Today is my first anniversary working for EM, and therefore ranks as my longest continuous employment since I had a paper-round. Yay the new economy.
There is a new design for Aquarionics on its way, BTW. Maybe even new content, or something. The design is stuck in limbo since I redesigned it in PSP and then my trial ran out, so I’m waiting until I can justify buying the full product. Or I could use that as an excuse to leap to Photoshop etc.
I bought the new Barenaked Ladies album – Everything to Everyone – last week (Via iTunes. Yes, DRM isn’t ideal, but until we can convince the record industry that there are more honest people in the world than people who will get something for free if they can. While we’re at it, can we convince me too?).

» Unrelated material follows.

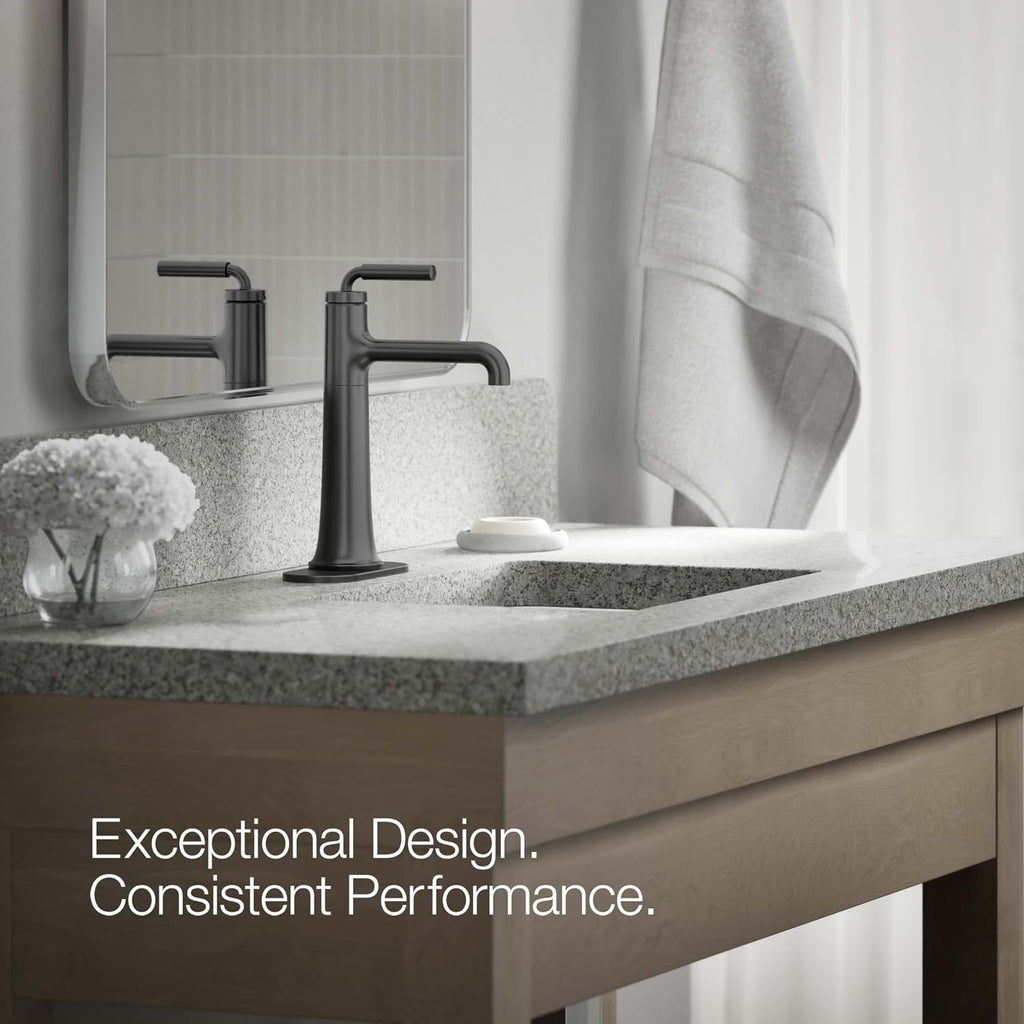 KOHLER 26437-4N-BL Tone K-26437-4N-BLB ToneTall Single Handle Bathroom Sink Faucet, 5 GPM, Matte Black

It contains a couple of ‘future classic’ type tracks I can see myself listening to for a long time, and there is a track whose first lines are “You’ve never seen as many monkeys in the Daily Mail”, Which even out of context (It’s a song about postcards of chimpanzees) makes me laugh. I’m a sad person.
We have, once again, returned to the classic, battered battlegrounds of the War On Drugz. Every so often the needle of popular culture appears to drift from “liberal” to “conservative”, and the further into time we get the faster the metronome appears to be ticking. Anyway, some of the Popular Press (Who, in a rare display of Actual Humour, refer to broadsheets as the Unpopular Press) have decided that some of the white powder coating the fashion industry must be blown away (possibly in the hope that they can sniff it as it goes past.) and… and… in the great traditions of journalists everywhere, when someone says it better than I do I’m going to use their words instead. From The Friday Thing 2005-09-23 (Which if you don’t read, you should, it’s well worth every penny):
The point being – God, what *is* the point? The point being that
millions of people take recreational drugs in this country and
it’s madness to think of them as criminals. OK, so Moss happens
to work in a particularly stupid-money tiny-talent industry in
which coke-taking is practically compulsory, but frankly, even if
she’d been less lucky in life and had never made it further than
the customer service counter at TKMaxx in Croydon, she’d probably
still burn holes in her pretty little nose of a weekend. Only it
would cost her an awful lot more and would be cut full of chalk
and paracetamol. The point being, for the love of Belushi, in the
name of all that is holy and legally-permissable – it is a little
bit of coke. An inconsequential smudge of bullshit-dust. It is
not important.Waging a deeply cynical tabloid war on celebrities who take drugs
is a waste of time, and investigating and prosecuting anyone who
take drugs is a waste of time and money. Furthermore, the fact
that Ian Blair took time out from devising futuristic Supercops
to get personally involved in publicly chastising druggy Moss is
madness, particularly as it means that now, if he’s not going to
appear like a hypocritical superloon, he’ll have to make it his
personal business to investigate Doherty, Deayton, Williams,
Walliams, every other catwalk model alive, 90% of all TV
presenters and pop stars, Russell Grant, Prince Harry… the list
is endless. He’s certainly going to have his work cut out for
him. He’ll probably have to bring in the TA to help out.It’s very simple. Prohibition doesn’t work. The pros and cons of
various drugs don’t and shouldn’t come into it. The fact is,
people take drugs. They always have and they always will. The
least we can do as a society is educate people as to the risks
and ensure that if they do take them, at least they’re getting
stuff of a certain purity, and in relative safety.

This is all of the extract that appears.